The lander is a $420 million dart.
http://www.space.com/missionlaunches/070201_phoenix_update.htmlThe dart was thrown at a dartboard which is unmarked. There may or may not be a bullseye on the dartboard -- we're not sure, hence why we're throwing darts at it -- but we're not exactly sure what would consitute a bullseye.
The dart throwers, in our funny dart game, do not declare certain scores for outcomes in advance and then evaluate the dart based on the outcome of throwing it. Rather, they will get the results back and then score them, based on criteria which are based on caprice and whimsy cloaked in a thin veneer of "its scientific, if you criticize us you must be against science".
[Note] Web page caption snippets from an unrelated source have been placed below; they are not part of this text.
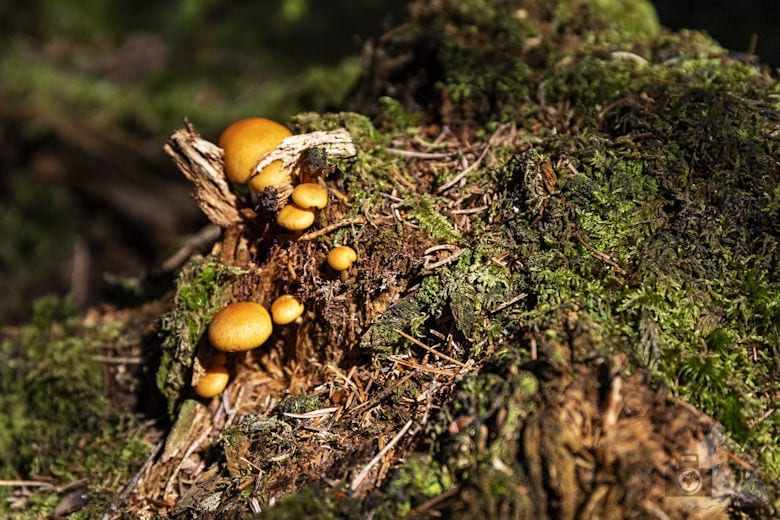 Schwarzwälder Genießerpfad - Waldpfad Groppertal - Pliz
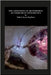 The Constants of Metaphysics: An Exercise In Apologetics by Stephens, Valerie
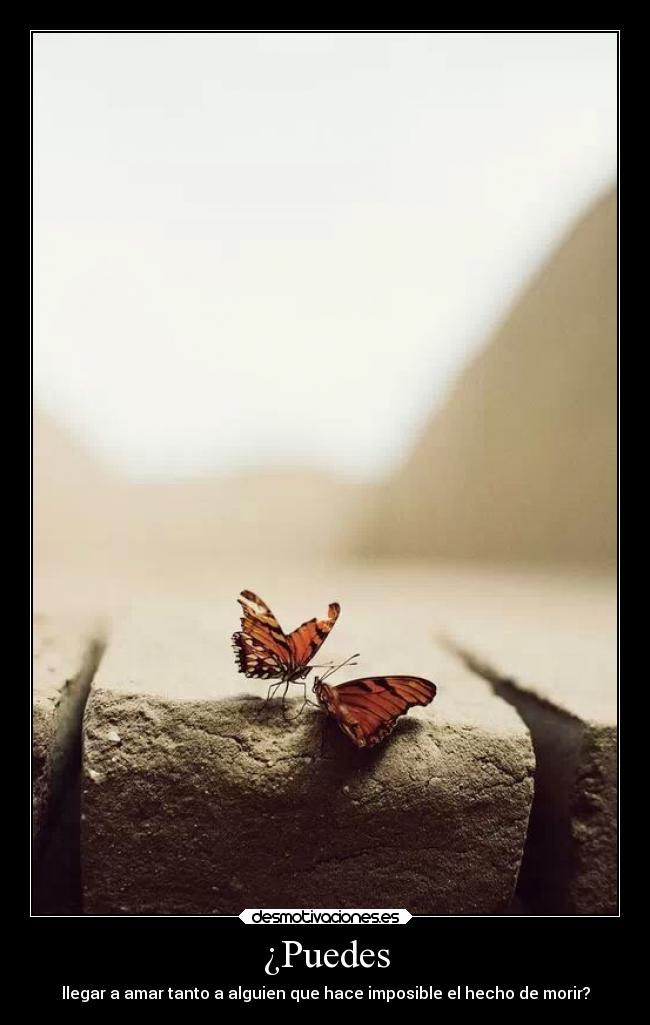 carteles mujer morir amar tantisimo preciosa desmotivaciones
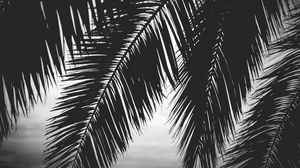 Preview wallpaper palm tree, leaves, silhouettes, black and white, dark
I'll spoil it for you: the conclusion will be, inevitably, that this $420 million dart was "a learning experience" (a wonderful phrase, because it is true by definition and means the dart can literally never fail, because we'd learn something even if the dart crash-landed into the dartboard as darts are wont to do), but that we need to throw more and more expensive darts. Why are we throwing darts? Well, there might be a bullseye out there... and you DO support science, right?
Personally I hope they hit the FSM's Noodly Appendage one of these times. That would be kind of cool. Granted, it doesn't exist, but I've got as much reason to believe in it as I do to believe in any of the things that could plausibly be called a bullseye.